XBRX850A (2013) - 4K UHD resolution, TRILUMINOS quantum dot technology, 120 Hz/Motionflow XR960, edgle-lit with local dimming LED. This model does not include the glass front or the speaker system of the X900A models. Includes HDMI 2.0 compliant and Active 3D. Available in 55 and 65 inches.

XBRX850B (2014) -4K UHD resolution, Triluminos, HEVC for 4K streaming,PlayStation Now ready, Frame Dimming, 3D: Passive (49, 55, 65), Active (70). Available in 49", 55", 65", and 70".

XBRX900B (2014) -4K UHD resolution, Triluminos, HEVC for 4K streaming,Playstation Now ready, X-Tended Dynamic Range (edge-lit local dimming), Wedge (tapering) design with side-mounted magnetic fluid speakers, 3D: Active (55", 65"), Passive (79").

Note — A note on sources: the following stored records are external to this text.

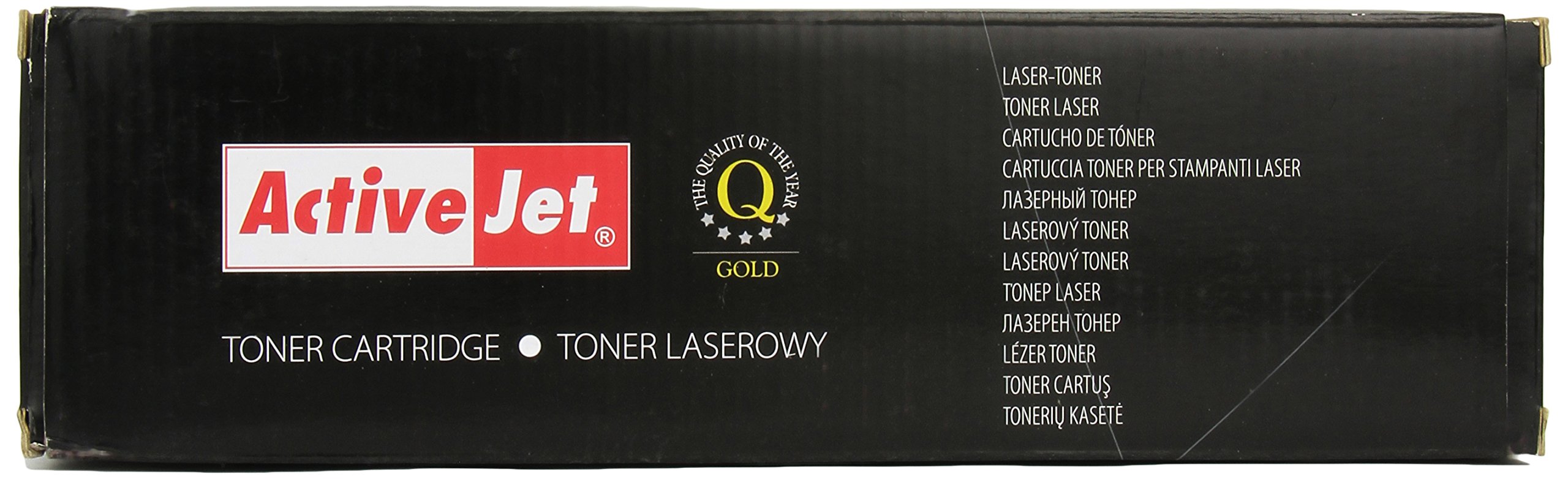 activejet-ato-5850bn-toner-schwarz-f-r-oki-8000-seiten image 2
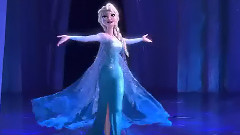 Let It Go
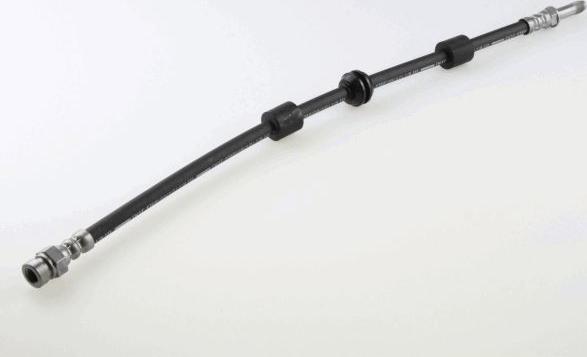 HELLA 8AH 355 460-171 - Auto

Available in 55", 65", and 79".

XBRX950B (2014)-4K UHD resolution, Triluminos, HEVC for 4K streaming,PlayStation Now ready, X-Tended Dynamic Range Pro (Full-Array LED backlight with local dimming), Active 3D. Available in 65" and 85".

XBRX830C (2015) - 4K, Android TV with Google Cast built-in, new X1 Processor, Motionflow XR960. Available in 43" and 49".

XBRX850C (2015) - 4K, Android TV with Google Cast built-in, X1 Processor, Triliuminos, Frame Dimming, Voice control remote, Motionflow XR960, Active 3D. 55" (edge-lit), 65", and 75" (direct-lit).

XBRX900C/XBRX910C (2015) - 4K, Android TV with Google Cast built-in, X1 Processor, Triluminos, Voice control remote, Motionflow XR960, 0.2" thin edge-to-edge panel with included flush mount, Passive 3D. 55", 65", 75".

XBRX930C (2015) - 4K, Android TV with Google Cast built-in, X1 Processor, Triluminos, Voice control remote, Motionflow XR1440, X-Tended Dynamic Range (edge-lit with local dimming), High Dynamic Range (HDR) support, half-wedge design with side-mounted magnetic fluid speakers, Active 3D. 65".

XBRX940C (2015) - 4K, Android TV with Google Cast built-in, X1 Processor, Triluminos, Voice control remote, Motionflow XR1440, X-Tended Dynamic Range Pro (FUll-array LED backlight with local dimming), High Dynamic Range (HDR) support, half-wedge design with side-mounted magnetic fluid speakers, Active 3D. 75".

As of 2015, Sony applies the XBR branding to all of their 4K models in the United States.